How to tell if an element of a quotient ring is a zero divisor

I am looking at Hartshorne Example III.9.8.4., p260. He says that $a$ is not a zero divisor in $k[a,x,y,z]/I$, where $$ I = (a^2(x+1) -z^2, ax(x+1)-yz, xz-ay,y^2-x^2(x+1)). $$ Is there a good way to see this?

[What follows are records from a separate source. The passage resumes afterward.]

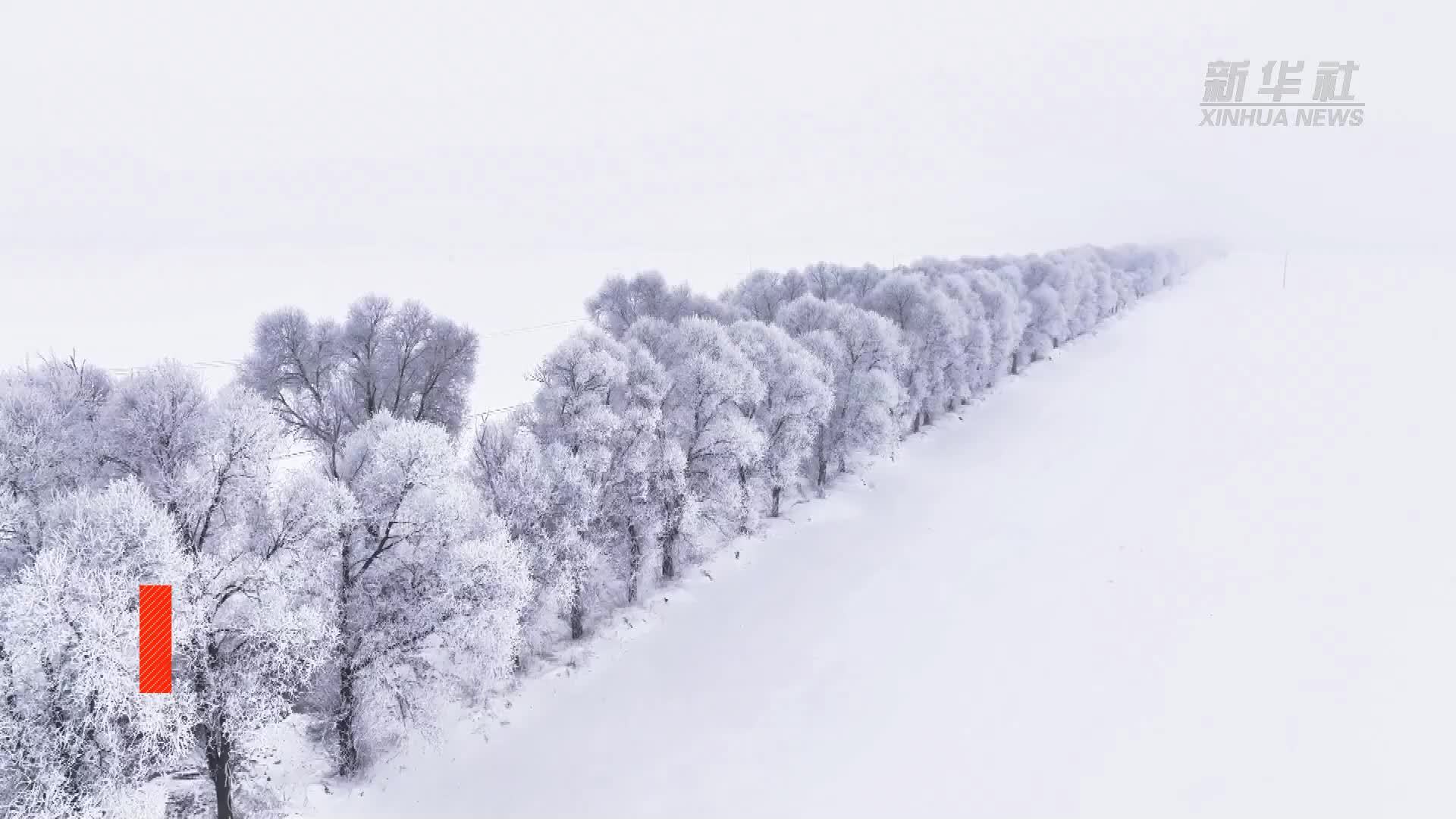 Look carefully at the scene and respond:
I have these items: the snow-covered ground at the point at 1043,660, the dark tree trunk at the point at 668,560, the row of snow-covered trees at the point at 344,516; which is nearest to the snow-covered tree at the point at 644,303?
the row of snow-covered trees at the point at 344,516

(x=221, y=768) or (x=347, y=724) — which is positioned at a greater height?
(x=221, y=768)

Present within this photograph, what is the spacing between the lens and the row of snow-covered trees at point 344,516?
13.3m

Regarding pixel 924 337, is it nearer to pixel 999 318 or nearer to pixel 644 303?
pixel 999 318

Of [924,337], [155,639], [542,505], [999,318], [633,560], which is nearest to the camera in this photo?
[155,639]

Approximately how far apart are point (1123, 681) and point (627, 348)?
85.2 feet

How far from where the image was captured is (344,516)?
19078 millimetres

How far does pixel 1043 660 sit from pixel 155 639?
27.8 metres

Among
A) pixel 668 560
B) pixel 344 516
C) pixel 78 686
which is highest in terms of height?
pixel 344 516

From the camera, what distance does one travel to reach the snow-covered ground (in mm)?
19844

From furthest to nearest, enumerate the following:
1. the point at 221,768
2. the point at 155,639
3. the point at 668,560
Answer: the point at 668,560, the point at 221,768, the point at 155,639

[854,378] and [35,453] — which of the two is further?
[854,378]

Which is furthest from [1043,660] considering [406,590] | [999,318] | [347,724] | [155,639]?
[999,318]

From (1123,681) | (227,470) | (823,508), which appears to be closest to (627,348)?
(823,508)

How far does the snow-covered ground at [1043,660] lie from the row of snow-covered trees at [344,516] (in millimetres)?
3481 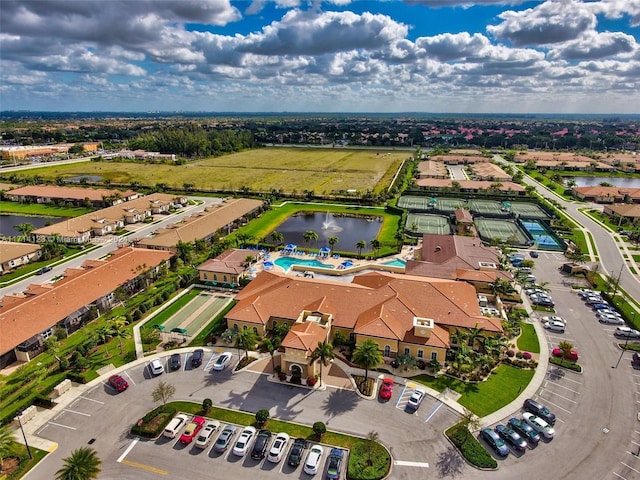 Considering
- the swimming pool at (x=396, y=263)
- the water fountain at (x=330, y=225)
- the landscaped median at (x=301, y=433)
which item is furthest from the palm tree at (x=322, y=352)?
the water fountain at (x=330, y=225)

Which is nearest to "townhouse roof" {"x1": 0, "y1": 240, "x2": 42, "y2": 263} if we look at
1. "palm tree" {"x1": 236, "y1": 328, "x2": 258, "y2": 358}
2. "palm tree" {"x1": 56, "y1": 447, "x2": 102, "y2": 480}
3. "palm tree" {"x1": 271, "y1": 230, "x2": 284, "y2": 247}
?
"palm tree" {"x1": 271, "y1": 230, "x2": 284, "y2": 247}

Let me replace $a$ with $w.$ First, consider the domain $S = k[x,y]/(y^2-x^2(x+1)).$ Then $S[z,w]$ is a graded ring ($\mathbb N$-grading) generated in degree $1$ over $S$ by $\{z,w\}.$ Now $w^2(x+1)-z^2,wx(x+1)-yz,xz-wy$ are homogeneous elements of $S[z,w]$ of respective degrees $2,1,1.$ Thus the ideal generated by these elements is homogeneous, and the quotient $R = S[z,w]/(w^2(x+1)-z^2,wx(x+1)-yz,xz-wy)$ is graded. In particular, both $z,w$ still have degree $1$ in the quotient ($x,y$ are in degree $0$) and so cannot possibly be zerodivisors, since their products with any nontrivial elements must have degree at least $1.$ But $R = k[x,y,z,w]/(w^2(x+1)-z^2,wx(x+1)-yz,xz-wy,y^2-x^2(x+1))$ is exactly our original ring, so we are done.

Edit:

This argument about degrees isn't very convincing. How about the following:

The quotient ring $S = k[x,y,z] / \langle y^2 - x^2(x+1) \rangle$ is a domain, so injects into its quotient field $Q(S)$. This yields an injection $S[a] \hookrightarrow Q(S)[a]$. Now let $J \subset S[a]$ be defined by the three remaining relations. Over $Q(S)[a]$, these all reduce to $a = xz/y$, so $Q(S)[a] / JQ(S)[a] = Q(S)$. Thus there is a canonical map $S[a]/J \to Q(S)$ such that $a \mapsto xz/y$. It is clear that if $a$ is a zero-divisor, then this map must send $a$ to $0$, which is false. Hence $a$ cannot be a zero-divisor.